According to President Schumacher, there is still much work to be done in the way of achieving true workplace equality. Even now as the leader of an institution, she still experiences unfair treatment far more often than one might think.
“Oh, people definitely still undermine and discredit my achievements and ideas,” she stated. “I’ll be in a conference room full of men and one of them will speak up with the same thought I shared five minutes earlier, and everyone will praise him for it, as if they didn’t even hear me. I don’t think they even realize they are doing this. In these instances, I make sure to advocate for myself, always.”
Thankfully, she has developed several robust networks of support over the years and praises each of them for helping her grow and remain centered in all endeavors.

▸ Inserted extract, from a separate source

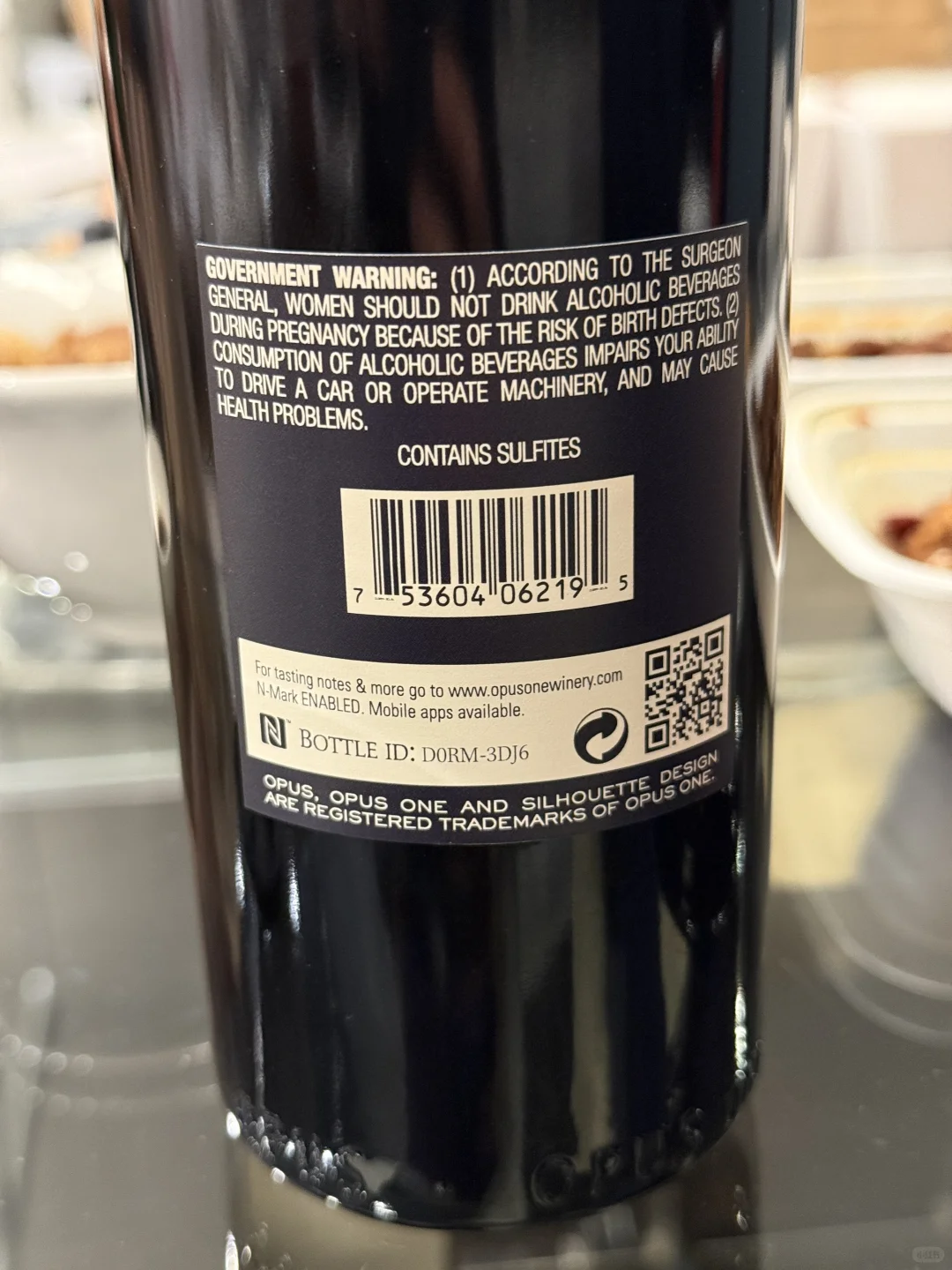 再饮??纳帕酒王作品一号Opus One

“I am a member of two niche groups – one for university presidents and another for female university presidents, specifically,” she said. “These people understand the rigors of leadership and help guide me as I conduct my daily work. I also offer guidance with regard to their respective institutions in turn. Most importantly, we hold each other accountable. We remind each other that you can’t pour from an empty cup and maintaining a healthy work-life balance is crucial. Any job in leadership can be suffocating and draining if you don’t prioritize your wellness.”
Looking to the future, President Schumacher offered some insightful musings about the necessary role women play in the workplace, and what needs to be done to continue this fight for their equitable treatment.
“I’ve experienced it firsthand,” she remarked, “and women can be each other’s worst enemy. One of my female supervisors early on in my career was awful to me,” she remembered. “I didn’t understand it at first, until a friend told me it was because I was the only other woman in our office and that she saw me as competition. She wanted to be the ‘queen bee,’ and I remember thinking what a toxic and counterproductive mentality that was. As women in the workplace, we should be each other’s biggest supporters; we have to lift each other up, not tear each other down. When one of us succeeds, this is good news for all of us. I knew I couldn’t work in a setting where this was not the norm. The ‘queen bee’ mentality has absolutely no place in circles committed to growth and women can be each other’s biggest saboteurs if their priorities aren’t straight. Female professionals are, in my experience, the most passionate and dedicated employees, leaders and mentors, but only if they feel confident and if they feel valued. More than anything else, I just want women and all minorities to feel they can be their truest, most genuine selves at work.”